Photorefractive Interferometry Research Articles

Imaging of transient surface acoustic waves by full-field photorefractive interferometry.

A stroboscopic full-field imaging technique based on photorefractive interferometry for the visualization of rapidly changing surface displacement fields by using of a standard charge-coupled device (CCD) camera is presented. The photorefractive buildup of the space charge field during and after probe laser pulses is simulated numerically. The resulting anisotropic diffraction upon the refractive index grating and the interference between the polarization-rotated diffracted reference beam and the transmitted signal beam are modeled theoretically. The method is experimentally demonstrated by full-field imaging of the propagation of photoacoustically generated surface acoustic waves with a temporal resolution of nanoseconds. The surface acoustic wave propagation in a 23 mm × 17 mm area on an aluminum plate was visualized with 520 × 696 pixels of the CCD sensor, yielding a spatial resolution of 33 μm. The short pulse duration (8 ns) of the probe laser yields the capability of imaging SAWs with frequencies up to 60 MHz.

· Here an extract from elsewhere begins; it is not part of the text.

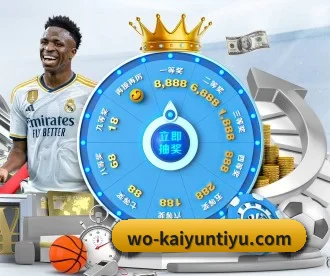 开云体育 APP(Kaiyun APP)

Spectrally resolved detection of mixed acoustic vibrations by photorefractive interferometry

A two-wave mixing photorefractive interferometry method in an anisotropic diffraction scheme, intended to selectively detect an acoustic vibration component at a specific frequency of interest in the presence of strong vibrations at other frequencies, is presented and validated by simulations and experiments. The achieved narrow-band detection is of particular interest for applications where weak vibration signals generated by nonlinear acoustic effects are to be detected with high sensitivity and without cross-talk from the large vibration components from which the acoustic nonlinearity is originating.